This treatise has further some peculiarities of form. The law of domicil is therein reduced into a series of definite rules, which being based on statutory enactments, decided cases, or inferences drawn from authoritative dicta or admitted principles, constitute, in so far as my work has been successfully performed, a code of what may be termed the English law of domicil. These rules form the backbone of the whole treatise. They are first stated apart from any comment, and then, in the body of the work, each of them is repeated and made the subject

of separate comment or explanation. The object of such explanatory comment is to elucidate the meaning of any rule requiring explanation, to state the grounds on which it rests, to call attention to the doubts which in some cases may fairly be entertained as to its correctness, and to raise, and if possible solve, doubtful questions which a rule sometimes suggests. Such a course of critical examination leads at times to the negative result that on particular points the law is so unsettled that no rule can be stated which ought to be considered as more than a conjectural inference from established principles; and I have, therefore, when a rule seemed doubtful, indicated the uncertainty by a printed query. I have, in short, applied to the law of domicil the method of stating the law which nine years ago I employed in my Treatise on Parties to an Action. The approval which, as I have reason to believe, my attempt to digest the law of parties to actions into a series of rules has received from competent judges, as well as the appearance since 1870 of numerous works based on the principle that a mass of law can best be exhibited in the form of systematic rules, has strengthened my conviction that the method I then adopted is sound, and has encouraged the hope that I may, by applying the same method to the law of domicil, at once codify and explain a branch of English law which specially needs systematic treatment. How far my attempt is successful must be left to the judgment of my readers. I may at least venture to assert that I have in no instance laid down any rule without careful consideration, and that whilst I have myself consulted the authorities for every important statement throughout this treatise, I have studied every recent work likely to throw light on my subject, except Mr. Foote's Private International Jurisprudence, which did not come into my hands. till my book was fully prepared for the printer.

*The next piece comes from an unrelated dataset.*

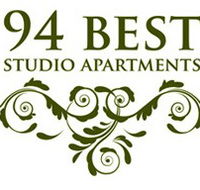 94 Best Studio Apartments - Tourism Noosa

Of the debt I owe to Savigny, Story, Phillimore and West

lake, I say the less because my obligations are patent on the face of my work. The frequent references to the writings of these and of other authors may, while they testify to the extent of my obligations, serve as a guide to the sources best worth consulting on each point dealt with in this treatise. It is at once a duty and a pleasure to express my sense of the invaluable aid which throughout the composition of this work I have received from the corrections, criticisms, and suggestions of the legal friends who have taken an interest in its progress.

A. V. DICEY.

TEMPLE, June, 1879.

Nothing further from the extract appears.